Nada le faltaba a la alegría de Dios, nada necesitaba Dios. Él
se basta a sí mismo. No tiene sino que contemplarse para deleitarse, nutrirse,
vivir y descansar. Toda la creación no ha aumentado ni en un átomo su infinidad
de alegría, de belleza, de vida, de potencia. He aquí que todo lo ha hecho para
la criatura a la que ha querido poner como rey de la obra de sus manos:
para el hombre.
Aunque sólo fuera por ver una obra divina de tal magnitud y por
manifestarle reconocimiento a Dios, que os la otorga, merecería la pena vivir. Y
debéis sentir gratitud por el hecho de vivir. Gratitud que deberíais haber
tenido aunque no hubierais sido redimidos sino al final de los siglos, porque, a
pesar de que hayáis sido, en los Primeros, y ahora aún individualmente,
prevaricadores, soberbios, lujuriosos, homicidas, Dios os concede todavía gozar
de lo bello del universo, de lo bueno del universo, y os trata como si fuerais
personas buenas, hijos buenos a los cuales todo se enseña y todo se concede para
hacerles más suave y sana la vida. Cuanto sabéis, lo sabéis por luz de Dios.
Cuanto descubrís, lo descubrís porque Dios os lo señala. Esto, en el Bien. Los
otros conocimientos y descubrimientos que llevan el signo del mal vienen del Mal
supremo: Satanás.
La Mente suprema, que nada ignora, antes de que el hombre fuese,
sabía que sería ladrón y homicida de sí mismo. Y, dado que la Bondad eterna no
conoce límites en su ser buena, antes de que la Culpa fuera, pensó el medio para
anular la Culpa. El medio, Yo; el instrumento para hacer del medio un
instrumento operante, María. Y la Virgen fue creada en el pensamiento
sublime de Dios.
Todas las cosas han sido creadas para mí, Hijo dilecto del
Padre. Yo–Rey habría debido tener bajo mi pie de Rey divino alfombras y joyas
como palacio alguno jamás tuviera, y cantos y voces, y tantos siervos y
ministros en torno a mí como soberano alguno jamás tuviera, y flores y gemas, y
todo lo sublime, lo grandioso, lo fino, lo delicado que es posible extraer del
pensamiento de todo un Dios.
Mas Yo debía ser Carne además de Espíritu. Carne para salvar a
la carne. Carne para sublimar la carne, llevándola al Cielo muchos siglos antes
de la hora. Porque la carne habitada por el espíritu es la obra maestra de Dios,
y para ella había sido hecho el Cielo. Para ser Carne tenía necesidad de una
Madre. Para ser Dios tenía necesidad de que el Padre fuese Dios.

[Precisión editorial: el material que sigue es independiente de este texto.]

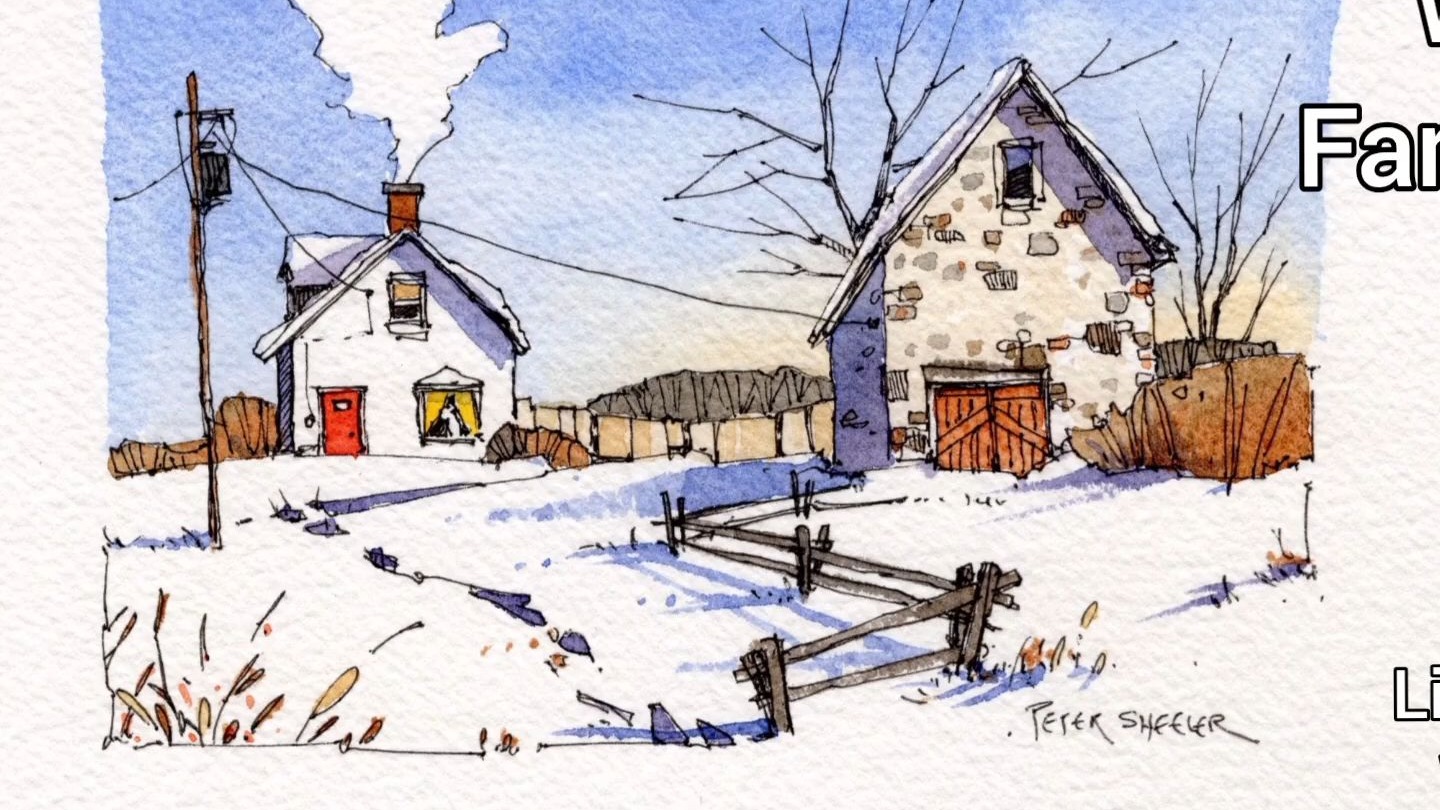 简单有趣的线条水彩画，描绘了一座冬季的老石头谷仓和农舍 -- Peter Sheeler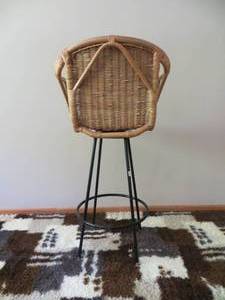 VINTAGE Wicker Barstool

He aquí que entonces Dios se crea a su Esposa y le dice: “Ven
conmigo. Junto a mí ve cuanto Yo hago para el Hijo nuestro. Mira y
regocíjate, eterna Virgen, Doncella eterna, y tu risa llene este empíreo y dé a
los ángeles la nota inicial y al Paraíso le enseñe la armonía celeste. Yo te
miro, y te veo como serás, ¡oh, Mujer inmaculada que ahora eres sólo espíritu:
el espíritu en que Yo me deleito! Yo te miro y doy al mar y al firmamento el
azul de tu mirada; el color de tus cabellos, al trigo santo; el candor, a la
azucena; el color rosa como tu epidermis de seda, a la rosa; de tus dientes
delicados copio las perlas; hago las dulces fresas mirando tu boca; a los
ruiseñores les pongo en la garganta tus notas y a las tórtolas tu llanto.
Leyendo tus futuros pensamientos, oyendo los latidos de tu corazón, tengo el
motivo guía para crear. Ven, Alegría mía, séante los mundos juguete hasta que me
seas luz danzarina en el pensamiento, sean los mundos para reír tuyo. Tente las
guirnaldas de estrellas y los collares de astros, ponte la luna bajo tus nobles
pies, adórnate con el chal estelar de Galatea. Son para ti las estrellas y los
planetas. Ven y goza viendo las flores que le servirán a tu Niño como juego y de
almohada al Hijo de tu vientre. Ven y ve crear las ovejas y los corderos, las
águilas y las palomas. Estate a mi lado mientras hago las cuencas de los mares y
de los ríos, y alzo las montañas y las pinto de nieve y de bosques; mientras
siembro los cereales y los árboles y las vides, y hago el olivo para ti,
Pacífica mía, y la vid para ti, Sarmiento mío que llevarás el Racimo
eucarístico. Camina, vuela, regocíjate, ¡oh, Hermosa mía!, y que el mundo
universo, que en diversas fases voy creando, aprenda de ti a amarme, Amorosa, y
que tu risa le haga más bello, Madre de mi Hijo, Reina de mi Paraíso, Amor de tu
Dios”. Y, viendo a quien es el Error y mirando a la Sin Error, dice: “Ven a mí,
tú que cancelas la amargura de la desobediencia humana, de la fornicación humana
con Satanás y de la humana ingratitud. Contigo me tomaré la revancha contra
Satanás”.
Dios, Padre Creador, había creado al hombre y a la mujer con una
ley de amor tan perfecta, que vosotros no podéis ni siquiera comprender
sus perfecciones; vuestra mente se pierde pensando en cómo habría venido la
especie si el hombre no la hubiera obtenido con la enseñanza de Satanás.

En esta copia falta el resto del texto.